The researchers conclude that a sinus wash at the time of adenoidectomy for children with a high CT score led to an improved outcome compared with adenoidectomy alone, independent of oral or parenteral antibiotic management.
(Laryngoscope 2008;118:871-3)
Efficacy of Nodal Dissection for Recurrent Papillary Thyroid Cancer
Although papillary thyroid cancer (PTC) generally has an excellent prognosis with regard to mortality, eventual recurrence in the thyroid bed or neck has been reported in up to 30% of patients. These locoregional recurrences may be associated with significant morbidity as well as long-term mortality in higher-risk patients. For patients with locoregional recurrences, both adjuvant radioiodine therapy and lymph node dissection (LND) have been advocated; however, the relative safety and efficacy of these two treatment modalities are unclear. Recent American Thyroid Association guidelines recommend surgery for bulky disease or disease that is amenable to a surgical approach, but also report that radioiodine is often used in place of surgery. Furthermore, if surgery is chosen as the treatment modality, the optimal extent of surgical dissection remains undefined. Kathryn G. Schuff, MD, and associates report on a retrospective analysis of the safety and efficacy of surgical management of persistent/recurrent PTC in a group of patients who underwent selective central or lateral LND by one surgeon, who used a systematic approach to treatment planning.

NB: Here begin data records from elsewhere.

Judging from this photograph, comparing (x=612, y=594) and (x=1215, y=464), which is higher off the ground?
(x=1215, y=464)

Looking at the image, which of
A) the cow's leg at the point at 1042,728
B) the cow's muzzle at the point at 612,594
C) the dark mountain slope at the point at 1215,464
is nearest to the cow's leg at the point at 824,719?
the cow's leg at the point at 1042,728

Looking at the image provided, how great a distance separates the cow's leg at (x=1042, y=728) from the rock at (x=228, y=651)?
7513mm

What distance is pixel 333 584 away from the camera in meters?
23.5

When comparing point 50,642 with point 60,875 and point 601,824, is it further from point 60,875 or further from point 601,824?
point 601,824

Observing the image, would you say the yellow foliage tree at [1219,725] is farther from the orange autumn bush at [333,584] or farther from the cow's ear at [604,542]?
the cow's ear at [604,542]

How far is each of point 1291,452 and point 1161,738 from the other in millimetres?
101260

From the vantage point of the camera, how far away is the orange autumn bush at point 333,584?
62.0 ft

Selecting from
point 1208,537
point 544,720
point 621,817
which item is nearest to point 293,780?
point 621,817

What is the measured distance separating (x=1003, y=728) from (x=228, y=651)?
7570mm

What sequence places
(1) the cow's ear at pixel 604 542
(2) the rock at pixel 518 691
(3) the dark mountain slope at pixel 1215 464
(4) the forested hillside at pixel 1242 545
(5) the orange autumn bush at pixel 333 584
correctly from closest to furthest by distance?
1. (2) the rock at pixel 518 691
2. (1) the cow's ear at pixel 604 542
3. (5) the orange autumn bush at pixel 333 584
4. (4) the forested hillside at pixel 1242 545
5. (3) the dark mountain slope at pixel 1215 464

The study population included all patients with persistent/recurrent PTC who underwent central compartment or cervical LND during a 26-month period. Seventy-five patients met the inclusion criteria; a total of 79 resections were performed on these 75 patients. All patients had previously undergone total thyroidectomy, and most had also received radioiodine ablation. Previous LND had been performed in 57 patients, although the extent of the dissections varied widely. Of the 79 dissections, all were included in the safety analysis, and 41 met the criteria for efficacy analysis.

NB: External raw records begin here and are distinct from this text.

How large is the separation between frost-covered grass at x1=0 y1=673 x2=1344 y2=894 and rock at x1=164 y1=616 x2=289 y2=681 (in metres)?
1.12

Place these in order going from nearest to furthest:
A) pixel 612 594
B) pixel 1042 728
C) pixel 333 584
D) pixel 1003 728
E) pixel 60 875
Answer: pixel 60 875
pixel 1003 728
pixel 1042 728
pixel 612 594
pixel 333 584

Nodal involvement with PTC in the central or lateral compartments was found in 91% of the resections. There were 25 minor complications among the 79 resections, and seven major complications, including permanent hypoparathyroidism, significant abscess, and pulmonary embolism after deep venous thrombosis. Neither prior nodal dissection, extent of nodal dissection, nor extent of disease were predictive of surgical complications.

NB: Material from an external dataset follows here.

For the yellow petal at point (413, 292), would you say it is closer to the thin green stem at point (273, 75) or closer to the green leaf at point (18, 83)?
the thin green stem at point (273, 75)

The authors used a systematic, individualized approach to LND based on initial tumor site, prior surgical therapy, known pathways of nodal spread, and higher efficacy of formal nodal dissection over berry picking. This approach led to a cure rate of 41% of classifiable resections, using the criterion of postoperative stimulated thyroglobulin (Tg) of 2 ng/dL or less. In addition, 72% of resections had either cure or postoperative reductions of more than 50% in Tg levels, the primary serum marker of well-differentiated thyroid cancer persistence/recurrence.
The investigators conclude that, in experienced hands, systematic and individualized compartment-based nodal dissection is a safe and efficacious treatment for persistent/recurrent PTC, at least in the short term. They state that larger, longer-term studies will be necessary to further define efficacy and safety rates for this type of surgical approach.